TASK REQUIREMENTS:
Only the lines from the one containing "2022-23 Topps Chrome" through the end of the listing below belong in your answer; retype them exactly.
──────── EXERCISE DATA
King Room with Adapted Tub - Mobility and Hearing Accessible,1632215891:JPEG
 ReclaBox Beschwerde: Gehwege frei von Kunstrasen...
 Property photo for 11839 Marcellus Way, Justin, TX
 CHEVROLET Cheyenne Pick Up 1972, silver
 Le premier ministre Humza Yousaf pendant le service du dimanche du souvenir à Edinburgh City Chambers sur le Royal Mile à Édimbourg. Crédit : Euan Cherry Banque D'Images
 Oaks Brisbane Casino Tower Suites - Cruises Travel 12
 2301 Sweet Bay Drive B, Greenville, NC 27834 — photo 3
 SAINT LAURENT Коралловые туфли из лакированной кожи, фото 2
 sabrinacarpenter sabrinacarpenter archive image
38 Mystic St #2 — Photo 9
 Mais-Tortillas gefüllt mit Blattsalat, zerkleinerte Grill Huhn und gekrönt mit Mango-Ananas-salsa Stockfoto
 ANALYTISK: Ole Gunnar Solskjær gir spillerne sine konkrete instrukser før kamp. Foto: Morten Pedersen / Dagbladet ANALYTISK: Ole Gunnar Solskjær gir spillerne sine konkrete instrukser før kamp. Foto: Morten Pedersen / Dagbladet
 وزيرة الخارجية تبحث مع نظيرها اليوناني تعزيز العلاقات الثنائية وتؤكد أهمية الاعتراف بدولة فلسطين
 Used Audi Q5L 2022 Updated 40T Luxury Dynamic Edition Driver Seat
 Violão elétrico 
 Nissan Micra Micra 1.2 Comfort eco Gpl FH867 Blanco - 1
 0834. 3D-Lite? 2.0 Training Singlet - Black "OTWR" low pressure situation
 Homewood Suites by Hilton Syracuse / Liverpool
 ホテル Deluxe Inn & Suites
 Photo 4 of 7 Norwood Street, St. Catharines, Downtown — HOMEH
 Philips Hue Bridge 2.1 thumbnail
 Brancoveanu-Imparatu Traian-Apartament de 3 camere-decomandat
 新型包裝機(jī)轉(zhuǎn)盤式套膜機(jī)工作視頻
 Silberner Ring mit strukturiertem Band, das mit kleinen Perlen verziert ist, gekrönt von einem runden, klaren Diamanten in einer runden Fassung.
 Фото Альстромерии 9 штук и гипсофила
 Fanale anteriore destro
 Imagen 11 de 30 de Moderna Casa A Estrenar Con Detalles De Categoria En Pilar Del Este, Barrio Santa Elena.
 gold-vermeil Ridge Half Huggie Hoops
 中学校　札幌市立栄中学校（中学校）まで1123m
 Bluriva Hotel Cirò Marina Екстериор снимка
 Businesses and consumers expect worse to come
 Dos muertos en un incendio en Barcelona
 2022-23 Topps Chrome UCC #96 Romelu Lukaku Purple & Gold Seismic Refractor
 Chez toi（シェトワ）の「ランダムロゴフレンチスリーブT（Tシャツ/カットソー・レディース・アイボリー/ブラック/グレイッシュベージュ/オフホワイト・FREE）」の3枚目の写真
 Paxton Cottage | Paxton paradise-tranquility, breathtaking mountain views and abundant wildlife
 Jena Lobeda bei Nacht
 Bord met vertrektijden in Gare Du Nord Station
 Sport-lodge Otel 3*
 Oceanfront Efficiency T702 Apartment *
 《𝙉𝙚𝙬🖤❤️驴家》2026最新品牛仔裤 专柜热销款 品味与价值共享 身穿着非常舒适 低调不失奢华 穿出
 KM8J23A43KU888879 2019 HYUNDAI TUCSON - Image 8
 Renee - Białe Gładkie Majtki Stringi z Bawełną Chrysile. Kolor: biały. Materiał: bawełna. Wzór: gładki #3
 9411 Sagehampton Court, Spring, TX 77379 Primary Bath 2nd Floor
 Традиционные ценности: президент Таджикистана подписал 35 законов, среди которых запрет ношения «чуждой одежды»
────────────────
RESULT OF THE EXERCISE:
 2022-23 Topps Chrome UCC #96 Romelu Lukaku Purple & Gold Seismic Refractor
 Chez toi（シェトワ）の「ランダムロゴフレンチスリーブT（Tシャツ/カットソー・レディース・アイボリー/ブラック/グレイッシュベージュ/オフホワイト・FREE）」の3枚目の写真
 Paxton Cottage | Paxton paradise-tranquility, breathtaking mountain views and abundant wildlife
 Jena Lobeda bei Nacht
 Bord met vertrektijden in Gare Du Nord Station
 Sport-lodge Otel 3*
 Oceanfront Efficiency T702 Apartment *
 《𝙉𝙚𝙬🖤❤️驴家》2026最新品牛仔裤 专柜热销款 品味与价值共享 身穿着非常舒适 低调不失奢华 穿出
 KM8J23A43KU888879 2019 HYUNDAI TUCSON - Image 8
 Renee - Białe Gładkie Majtki Stringi z Bawełną Chrysile. Kolor: biały. Materiał: bawełna. Wzór: gładki #3
 9411 Sagehampton Court, Spring, TX 77379 Primary Bath 2nd Floor
 Традиционные ценности: президент Таджикистана подписал 35 законов, среди которых запрет ношения «чуждой одежды»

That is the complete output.